Open ladislas opened this issue 5 years ago • 3 comments

IMO you are an inspiration to what a developer should be and a great example for all of us using your software.

ladislas avatar Jan 21 '19 09:01 ladislas

I’m not sure I balance these things in a conventional sense and the relative proportion I spend on all these things has varied a good deal over the years.


Way back in 2002 when I started open source I was working a year in industry and hating it, so I spent all my free time on open source (Filelight) while doing a 9-5. Towards the end of that year I was getting up early, doing open source, going to work late, coming home for lunch, taking a two hour lunch for open source, leaving early, doing open source until I was tired then going to bed.

I could only do that because I was 20. And because it was a barely paid year in industry, and my boss didn't care and it was Britain (USA would never let you do this).
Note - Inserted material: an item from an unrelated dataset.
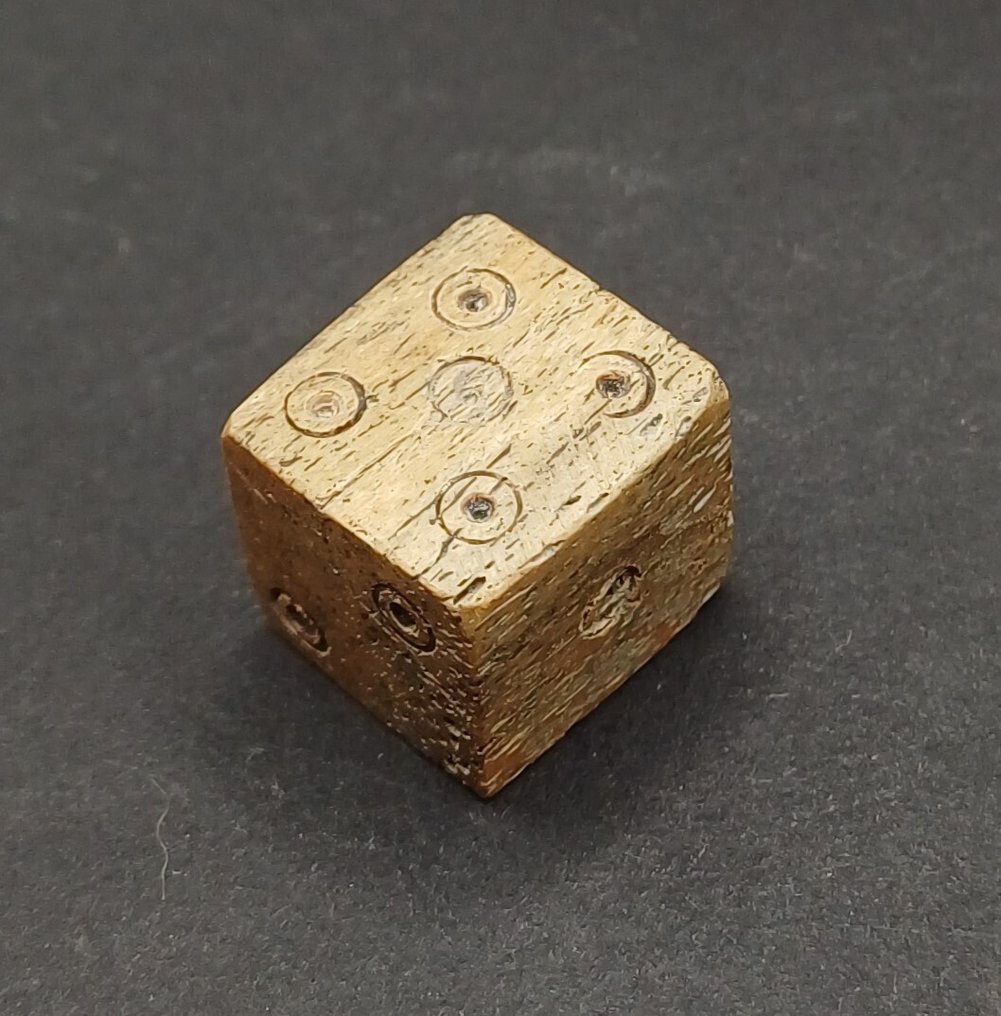 Ancient Roman Bone Playing Dice - 16 mm (No reserve price) #2.1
I had a girlfriend at the time, but both of us were pretty boring people so she would just let me work when she came to see me, and when I went to see her I missed code.


After that I had one year left an university and I basically didn't go to class, I didn't socialize and I worked on open source (amaroK)

I almost failed my degree so I went home and lived with my parents. I worked 20 hours a day on open source, never saw my parents, slept when they were awake mostly. Ate alone. But provided I didn't think about the fact my life was up in the air I was happy.


The next fews years I got into the industry, first with Last.fm, and I loved working there so I stopped doing open source. I also socialized almost every day I after work.


Then I quit and created Homebrew. I spent 6 months constantly on it, no socializing.


But I ran out of money so joined TweetDeck. This was the most balanced I'd been so far, I socialized a lot, and worked 9-5 and did a lot of open source. I burned out. Fortunately other people stepped up to help with brew. I talk about this in my brew create video.

So balance was hard.


In the years since I have really alternated. Right now I am full-time on open source, trying to fund it with donations. But it isn't yet enough so I am also looking for small contracts that can pay enough that I can continue to build my patronage.

My Current Day

  • Wake up 9
  • Drink coffee, have a miso soup
  • Work until noon or so, I have a large document of things to work on, and generally pick whatever takes my fancy. Morning work is most productive, so I'm careful about my choice.
  • Leave the hours for 30-60 minutes, take a book, fiction preferably. I read at Forsyth Park here in Savannah †
  • Return and work until 3:30
  • Work out for 20-30 minutes
  • Work until 5 (this work will be more minor tasks)
  • Cook dinner
  • Spend a few hours with wife
  • Work if I still have energy
  • Bed, read if not quite ready to sleep, ignore phone

How am I to get the paid work in effectively? I'm not sure yet. I've historically struggled to multitask and really I think it's pretty difficult for programmers. I’ll update when I have data.

forsyth park

mxcl avatar Jan 21 '19 18:01 mxcl

Thanks a lot Max for your answer and insights! It's great to see how things changed and evolved along the journey. It helps put our own struggles and/or successes in perspective.

The brew create video is amazing, I live in Paris and I'm sad I missed it. You'll come back ;)

ladislas avatar Jan 22 '19 18:01 ladislas

You'll come back ;)

Would love to! Had a great time. I love Paris.